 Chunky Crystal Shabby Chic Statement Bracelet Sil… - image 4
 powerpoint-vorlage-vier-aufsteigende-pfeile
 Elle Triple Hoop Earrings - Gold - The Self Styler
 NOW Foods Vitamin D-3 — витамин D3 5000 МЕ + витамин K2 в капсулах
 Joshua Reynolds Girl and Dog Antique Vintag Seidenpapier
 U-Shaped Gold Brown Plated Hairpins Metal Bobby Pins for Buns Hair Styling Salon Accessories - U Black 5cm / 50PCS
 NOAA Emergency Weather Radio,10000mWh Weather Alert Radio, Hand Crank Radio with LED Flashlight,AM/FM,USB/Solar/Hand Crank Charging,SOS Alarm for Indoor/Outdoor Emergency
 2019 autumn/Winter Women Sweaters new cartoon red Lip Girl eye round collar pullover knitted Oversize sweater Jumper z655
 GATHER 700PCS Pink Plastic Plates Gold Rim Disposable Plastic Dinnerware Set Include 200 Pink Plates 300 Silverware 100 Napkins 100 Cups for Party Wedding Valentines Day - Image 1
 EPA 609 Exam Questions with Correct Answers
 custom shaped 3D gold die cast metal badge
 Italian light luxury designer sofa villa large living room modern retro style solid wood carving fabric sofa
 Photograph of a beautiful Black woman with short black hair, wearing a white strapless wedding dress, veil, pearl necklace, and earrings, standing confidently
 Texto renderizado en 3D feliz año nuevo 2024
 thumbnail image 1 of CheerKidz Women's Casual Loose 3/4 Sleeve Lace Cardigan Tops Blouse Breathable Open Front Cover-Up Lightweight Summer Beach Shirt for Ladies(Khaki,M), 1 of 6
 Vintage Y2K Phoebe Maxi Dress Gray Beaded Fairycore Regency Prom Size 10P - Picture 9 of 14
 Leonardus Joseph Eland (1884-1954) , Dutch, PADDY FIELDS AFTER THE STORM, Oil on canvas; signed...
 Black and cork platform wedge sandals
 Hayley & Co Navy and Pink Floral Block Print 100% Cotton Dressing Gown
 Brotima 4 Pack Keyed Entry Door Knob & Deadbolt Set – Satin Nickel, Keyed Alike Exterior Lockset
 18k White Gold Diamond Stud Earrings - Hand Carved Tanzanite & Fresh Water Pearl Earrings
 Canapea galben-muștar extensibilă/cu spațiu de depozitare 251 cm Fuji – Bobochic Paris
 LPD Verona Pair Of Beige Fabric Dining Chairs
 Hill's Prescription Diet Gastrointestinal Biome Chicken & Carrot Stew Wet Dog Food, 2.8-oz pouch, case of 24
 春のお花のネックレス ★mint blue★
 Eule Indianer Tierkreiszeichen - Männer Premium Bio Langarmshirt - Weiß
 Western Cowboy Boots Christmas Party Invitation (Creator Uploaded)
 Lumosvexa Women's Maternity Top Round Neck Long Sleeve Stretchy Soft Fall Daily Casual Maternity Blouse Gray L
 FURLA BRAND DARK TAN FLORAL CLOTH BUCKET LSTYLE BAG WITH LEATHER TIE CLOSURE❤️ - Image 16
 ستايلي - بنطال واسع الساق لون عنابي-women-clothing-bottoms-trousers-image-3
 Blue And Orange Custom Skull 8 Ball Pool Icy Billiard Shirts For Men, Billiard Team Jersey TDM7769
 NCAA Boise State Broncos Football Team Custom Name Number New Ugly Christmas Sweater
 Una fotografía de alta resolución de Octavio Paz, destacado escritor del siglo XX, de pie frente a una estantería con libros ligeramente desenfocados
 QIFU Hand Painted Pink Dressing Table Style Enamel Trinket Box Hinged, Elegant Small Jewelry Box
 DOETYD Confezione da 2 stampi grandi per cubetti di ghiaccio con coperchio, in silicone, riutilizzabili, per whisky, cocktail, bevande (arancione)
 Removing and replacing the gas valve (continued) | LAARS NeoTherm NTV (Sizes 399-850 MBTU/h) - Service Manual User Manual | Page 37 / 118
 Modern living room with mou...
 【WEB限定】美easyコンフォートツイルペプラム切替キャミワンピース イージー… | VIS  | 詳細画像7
◆ ◆ ◆ ◆ ◆
## EXERCISE
For this exercise, output exactly the lines above from the line with "thumbnail image 1" to the line with "Western Cowboy Boots", counting both, and leave out the rest.

## PROBLEM SOLUTION
 thumbnail image 1 of CheerKidz Women's Casual Loose 3/4 Sleeve Lace Cardigan Tops Blouse Breathable Open Front Cover-Up Lightweight Summer Beach Shirt for Ladies(Khaki,M), 1 of 6
 Vintage Y2K Phoebe Maxi Dress Gray Beaded Fairycore Regency Prom Size 10P - Picture 9 of 14
 Leonardus Joseph Eland (1884-1954) , Dutch, PADDY FIELDS AFTER THE STORM, Oil on canvas; signed...
 Black and cork platform wedge sandals
 Hayley & Co Navy and Pink Floral Block Print 100% Cotton Dressing Gown
 Brotima 4 Pack Keyed Entry Door Knob & Deadbolt Set – Satin Nickel, Keyed Alike Exterior Lockset
 18k White Gold Diamond Stud Earrings - Hand Carved Tanzanite & Fresh Water Pearl Earrings
 Canapea galben-muștar extensibilă/cu spațiu de depozitare 251 cm Fuji – Bobochic Paris
 LPD Verona Pair Of Beige Fabric Dining Chairs
 Hill's Prescription Diet Gastrointestinal Biome Chicken & Carrot Stew Wet Dog Food, 2.8-oz pouch, case of 24
 春のお花のネックレス ★mint blue★
 Eule Indianer Tierkreiszeichen - Männer Premium Bio Langarmshirt - Weiß
 Western Cowboy Boots Christmas Party Invitation (Creator Uploaded)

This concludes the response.